Then there were the loss of life assassinations, which took place in a literal background of blood and thunder, where Loyalists, whipped up into a frenzy, took things that were preached at them, and kept those words in their heads as they went out to murder and maim the easiest targets they could find. There should be no denial of responsibility for the many hundreds of people who might be alive now, but for the words of Paisley, and people like him. Of course, responsibility for carrying out such acts lies with perpetrators – but, filled with hatred and indoctrination, and public acts of rabble rousing, incitement is a dangerous thing. Paisleys well-rehearsed line was “reap what you sow”. In 1986, after warning that Northern Ireland was on the verge of “hand to hand fighting in the street, he had these words for the police officers in attendance; “Don’t come crying to me if your homes are attacked. You will reap what you sow”.

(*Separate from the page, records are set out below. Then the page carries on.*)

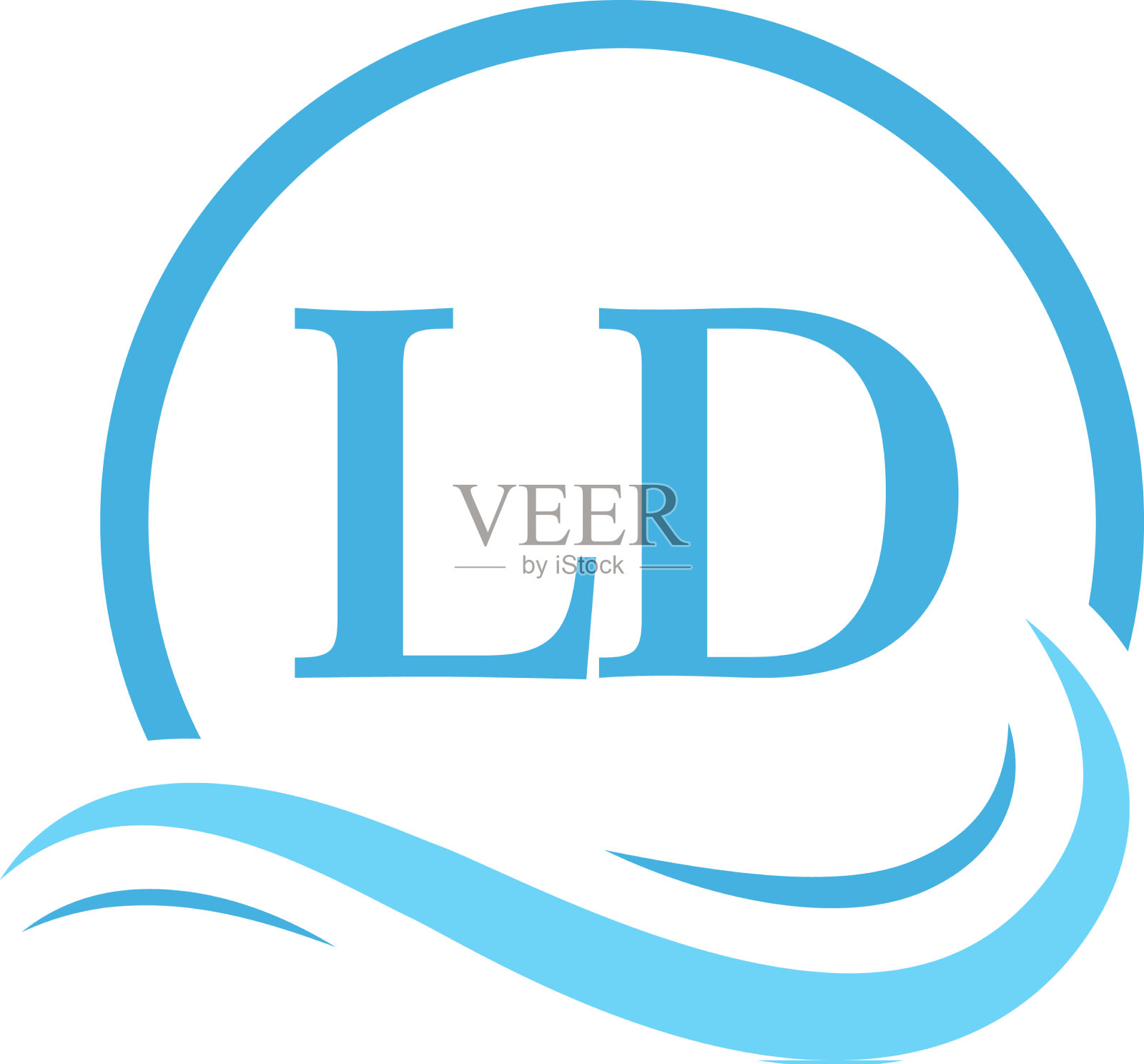 Ld字体标志设计在水波现代插画图片素材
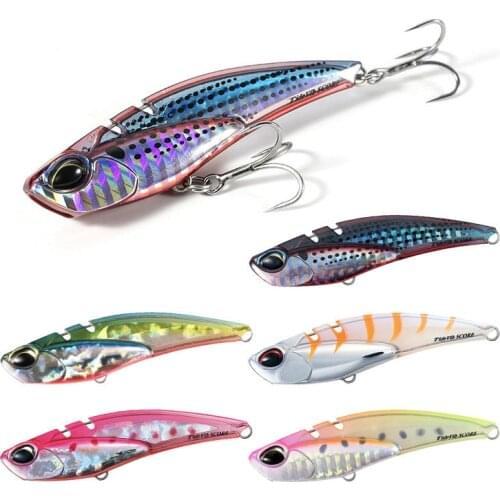 1Pcs Metal VIB Wobblers Lures 7cm 21g Electroplated Coating Body Spoon Fishing Lure Bass Artificial HardBait Cicada 3D Eyes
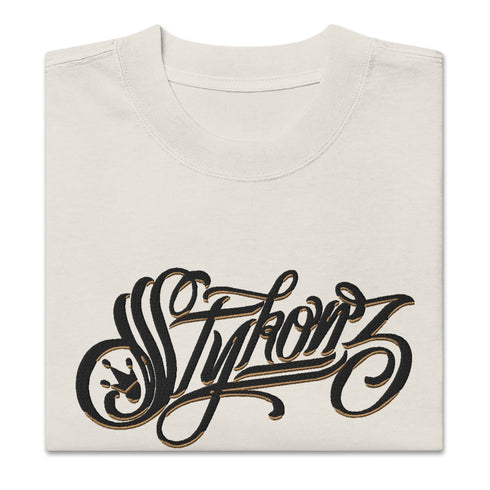 Men's Graffiti Oversized Faded T-Shirt XL Embroidered Black n Gold Scriptkonz | Hip - Hop Streetwear T-Shirt - Stykonz Graffiti Streetwear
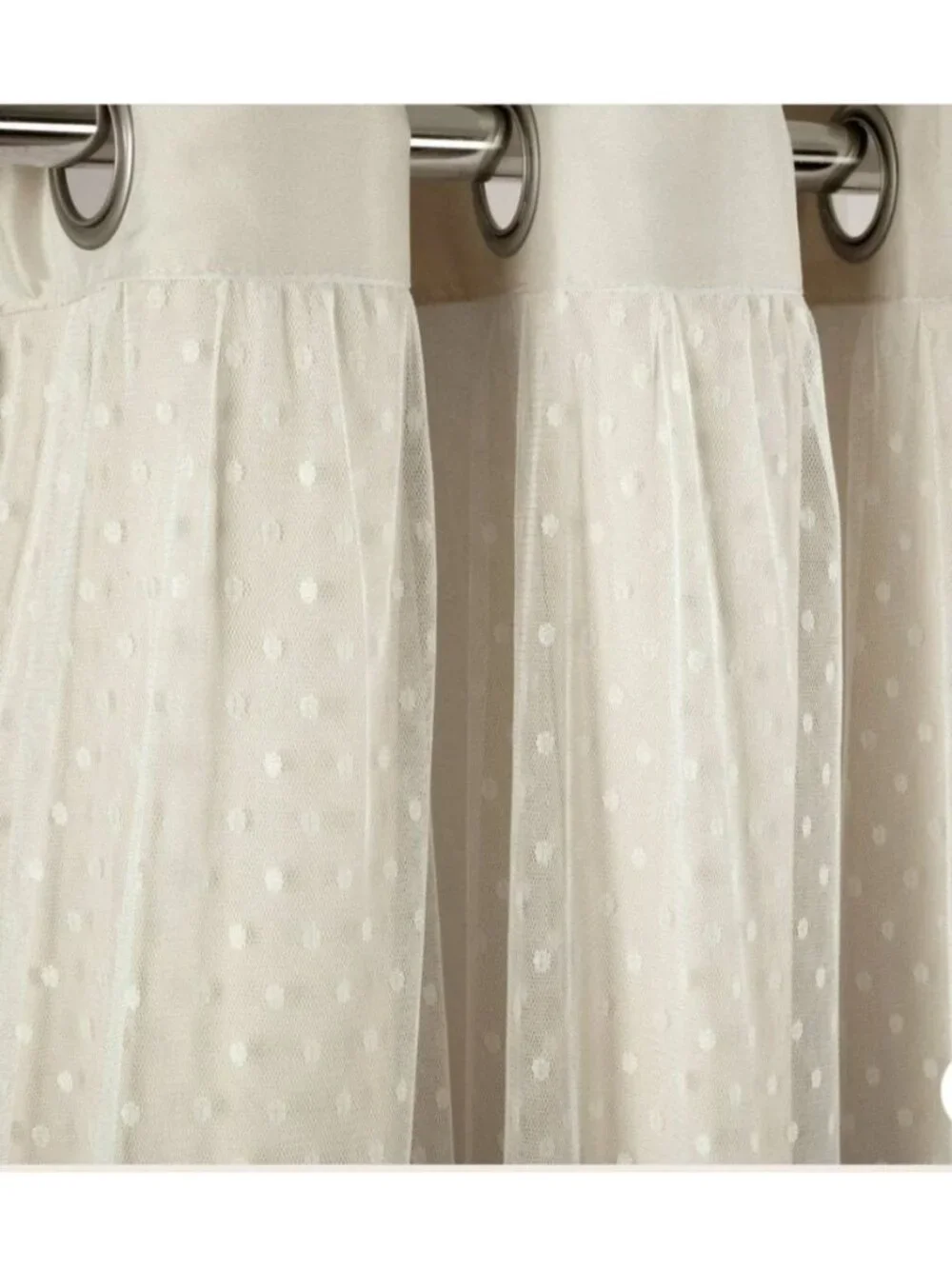 Cottage Polka Dot Sheer Window Curtain Panels 38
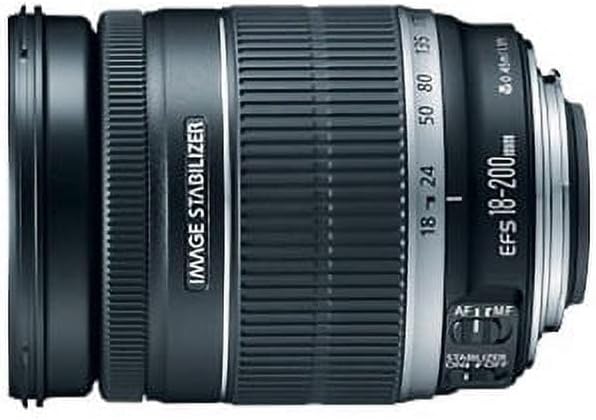 Canon EF-S 18-200mm F3.5-5.6 IS Objektiv (72mm Filtergewinde) schwarz Single, Single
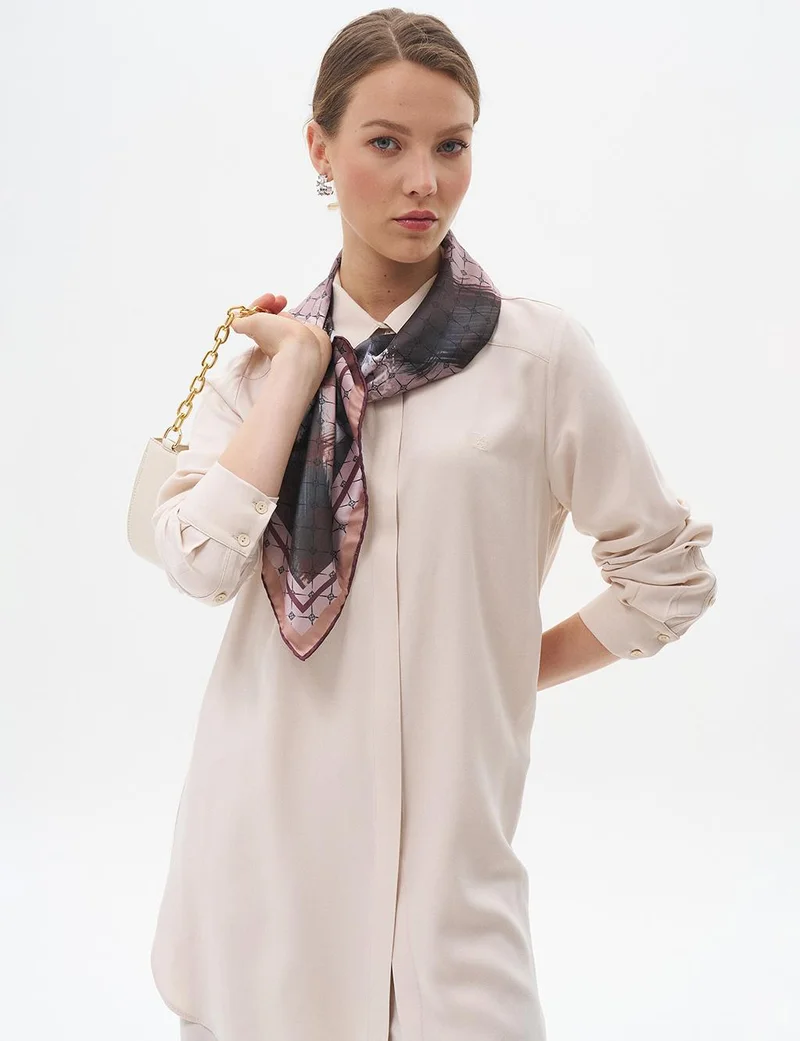 Kayra Concealed Placket Basic Tunic Stone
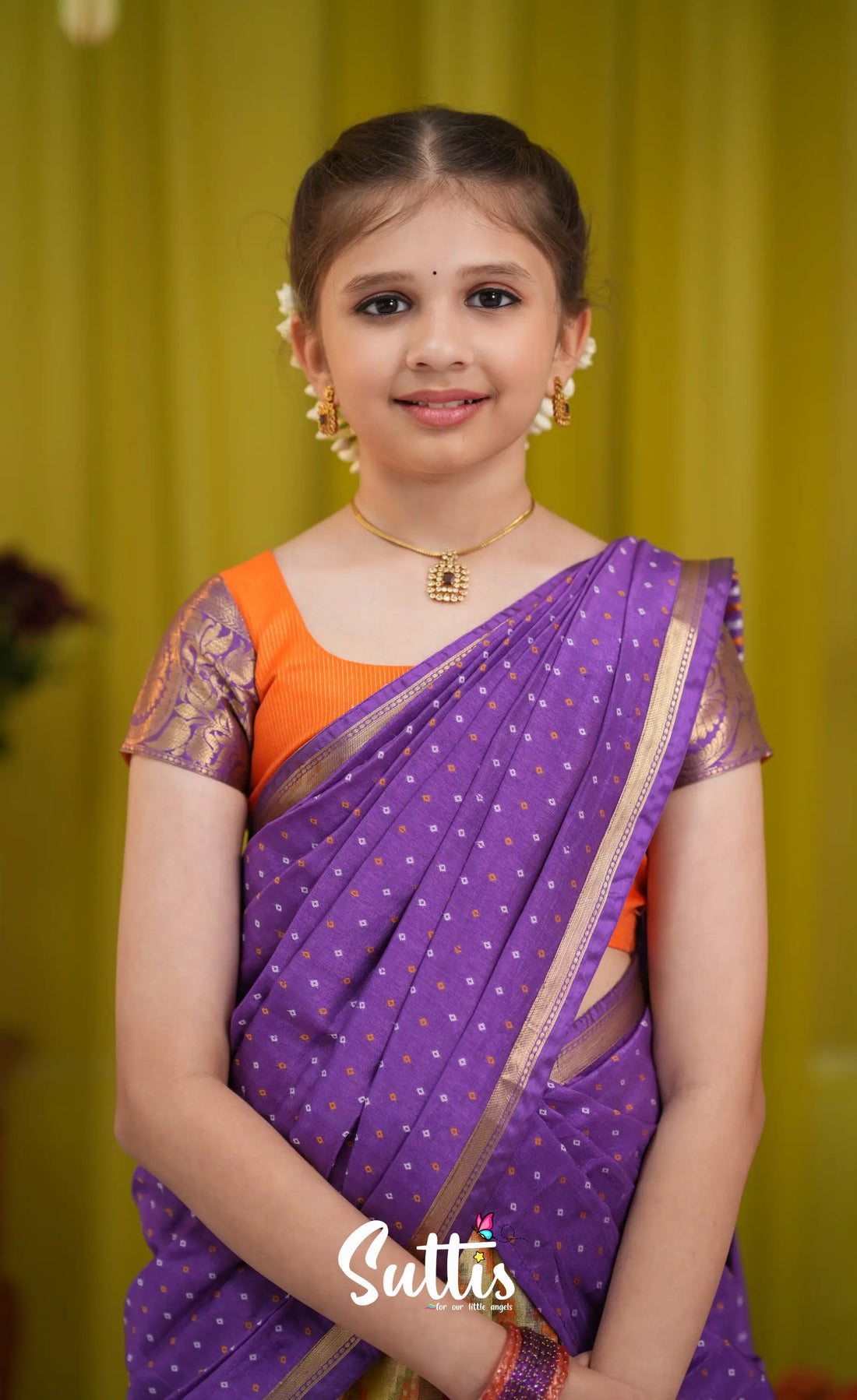 Kumaari Half Saree - Yellow and Purple - Kids-Suttis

“Reap what you sow” was also a phrase Paisley used at a particularly bad year at Drumcree. Three Catholic children, Mark, Jason and Richard Quinn, were murdered as they slept in their beds by members of the UVF in Portadown in 1998. Paisley did what he always did – distanced himself from the violence after the act, while refusing to accept any responsibility for the part he played in whipping the tensions up in the first place. Despite retrospectively denouncing the murders as “repugnant”, he then went on to shamefully say “The IRA have carried out worse murders than we had in Ballymoney over and over again.”
There was the Ulster Workers Strike, the Anglo Irish Agreement, the shouts of “Never, never, never, never”, to thousands as they attended the Ulster Says No rally at Belfast City Hall. There was “Save Ulster from Sodomy”, and his knowledge of the smuggling of a 15 year old Catholic schoolgirl to Scotland in pursuit of a “religious conversion.”
Then, his early links with the UVF, after which one convicted member stated “I am terribly sorry I ever heard of that man Paisley or decided to follow him”, and his establishment of other paramilitary groupings, Third Force, and Ulster Resistance.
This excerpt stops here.